*** Opening THE DATA ***
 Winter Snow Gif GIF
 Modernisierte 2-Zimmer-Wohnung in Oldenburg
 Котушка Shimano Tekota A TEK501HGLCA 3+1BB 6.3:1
*** Closing THE DATA ***
- PROMPT
Return the material exactly as it was provided.

- OUTPUT FOR THIS EXERCISE
 Winter Snow Gif GIF
 Modernisierte 2-Zimmer-Wohnung in Oldenburg
 Котушка Shimano Tekota A TEK501HGLCA 3+1BB 6.3:1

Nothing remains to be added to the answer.